註定只是一場偷歡

註定只是一場偷歡

羅丹《羅丹藝術論》中國社會科學出版社

親愛的,我走了。先去看海,然後再說

可以將網絡寫作簡單分為兩種:即興、即時對話的那種叫「如面談」;長篇累黷、尖銳無忌陳述思想或觀點的那種,叫「平移」——將紙媒上的一切既成文本及其思路移挪到網上,換一個平台而已。

「如面談」網絡寫作是一種以「恣意」為本,恣意到就像說話,任性,自由,以至於大家一致將在BBS里的那種種言論稱之為「灌水」。在「網絡寫作」語境中,「灌水」或者「口水」,未必全是貶義。好比與校友在超市邂逅,熱絡親密自不必提。儘管名字、匿稱等等虛著,可下崗了,失業了,離婚了,第三者或廊橋了,遮遮掩掩,就沒什麼意思。它徑直就是好友親朋閑聊時的「唾星四濺」,海闊天空,漫無目的,一種最自由最歡暢的談興,盡興是這類「如面談」式寫作的基本狀態。請注意,誰也不難明白「唾星」通常只是在「盡興」的「鼓勵」下才可能彈跳而出?

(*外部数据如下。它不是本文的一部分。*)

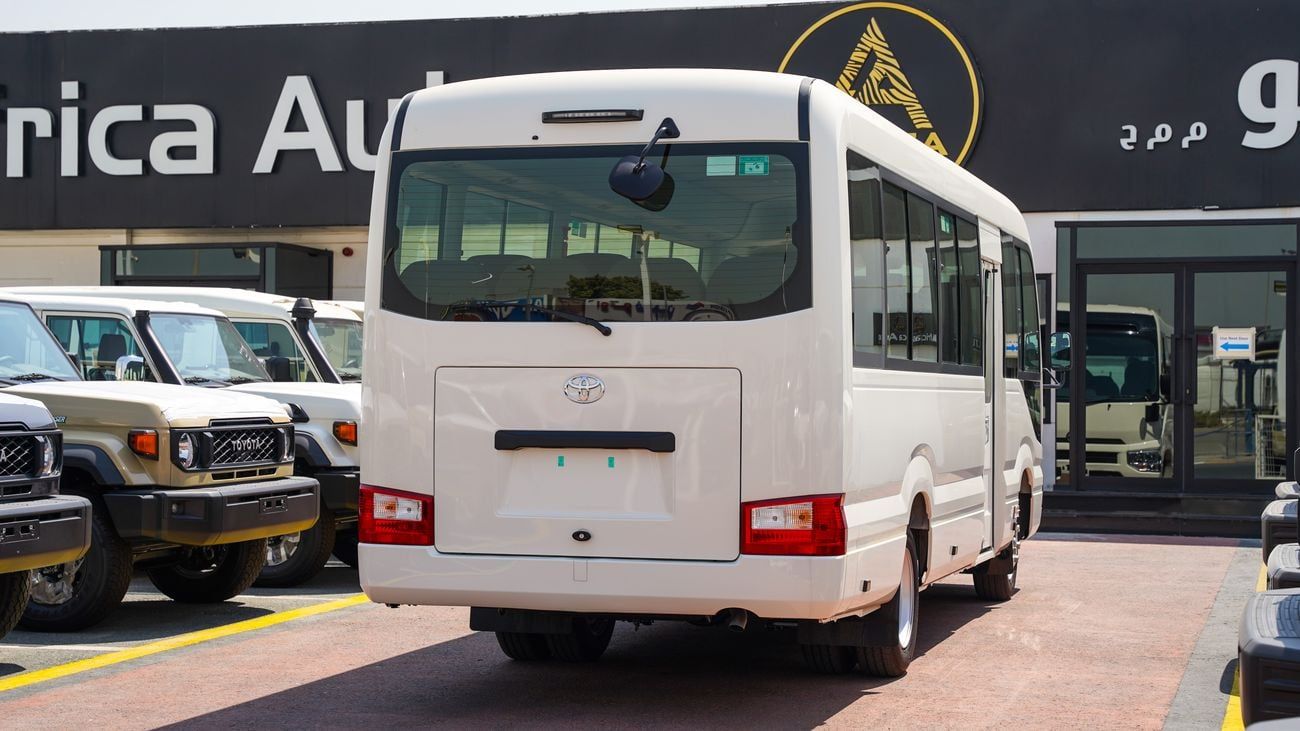 Toyota Coaster TOYOTA COASTER COASTER 4.2L DIESEL 23 STS 26 YM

在這類寫作中,「時事」或「男女」主題是BBS里最容易呈現「灌水」式寫作。這兩類BBS里常常忽就高手雲集,忽又杳無俊傑。深究其快速、機智、魅力四射,一是因為狀態好——不是寫晉陞職稱的論文,不是寫應酬、應景文字,不是寫邀功請賞的年終總結;二是因為環境好——它畢竟是在一個遮蔽的虛擬的情境中唇齒相依,親密接觸。一方面,即時交流的「談話方式」保證了必然會有肌膚相親般的快樂,一方面,遮蔽及虛擬又保證了如此肌膚相親的安全,並最大限度地約減了可以理解的文化羞澀……如此安全衛生,很容易使寫作者放心放鬆放肆,直至放浪。狀態的寬大,保證了智慧或狡黠可能像鯰魚般攪亂一池春水;而安全衛生的肌膚之娛又保證了真正的率興盡興,在那裏,「暢言」的風險已降至最低。這是一種類似於在水中發生的苟且——它註定只是一場偷歡而非洗禮。

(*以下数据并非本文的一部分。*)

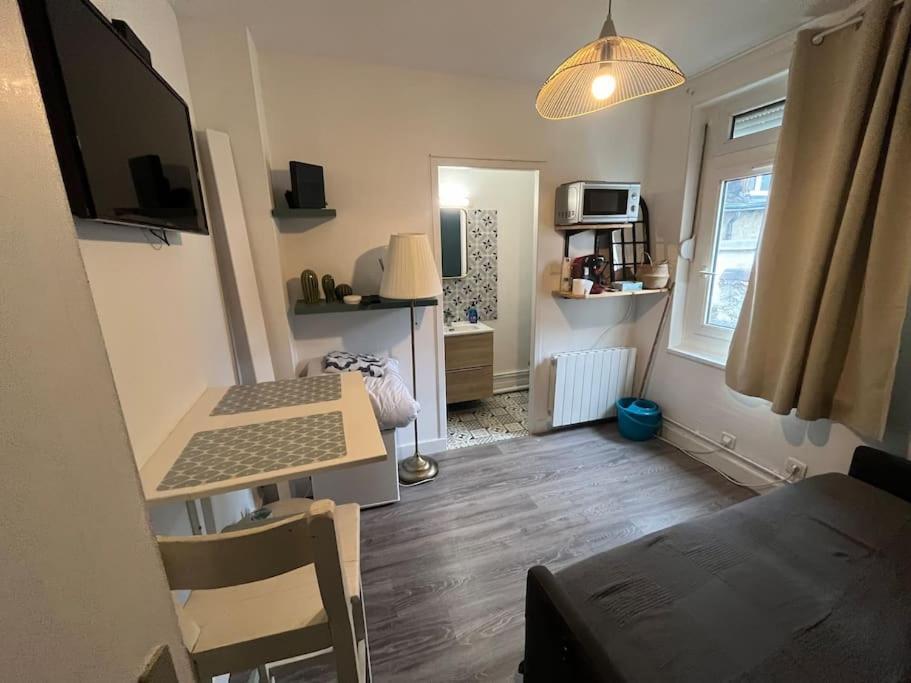Appartement Petit Studio Cosy à Orléans Extérieur photo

至於那種將傳統寫作「平移」到互聯網上的寫作,至少目前還有些讓人頭疼——至少是偏頭疼。有些在傳統紙媒上屢遭挫敗的作者,在互聯網上變得意氣風發。那些艱澀的、冗長的、不僅定語漫長而且後綴無限的敘述思想萌芽、生長、糾纏、扭結的文字,在整體互聯網閱讀情境中,給人唐突怪異的觀感。它們彷彿昏燈暗影中一個風花雪月甫畢、口紅零落風塵女子一頭撞到羅丹思想者雕塑的足下。這個意向本身,已足以構成對人類理智的蓄意戲仿——和朋友爭論網民素質高低,結論是,說素質不如說狀態。就是說,就算是一個素質高高之人,在現有互聯網狀態中,除去預定機票、酒店、客房,查看股市行情之類繁多「務實」外,直接就奔帶有「警告」字樣的「.com」去了。這不是以嚴肅思考為基本前提的傳統寫作在網絡大海中的沉沒,而是它的尷尬和趔趄。就算不承認「文化不可交流」,你也得承認,很多時候,狀態很難融合。人性的這一面與人性的那一面常常相距霄壤。就像北京人寒冬時節去煦日熏風的海南:儘管短袖T恤沙灘涼鞋已然悉數更換,可心裏依舊掩藏着光禿禿的樹枝和凜凜寒風……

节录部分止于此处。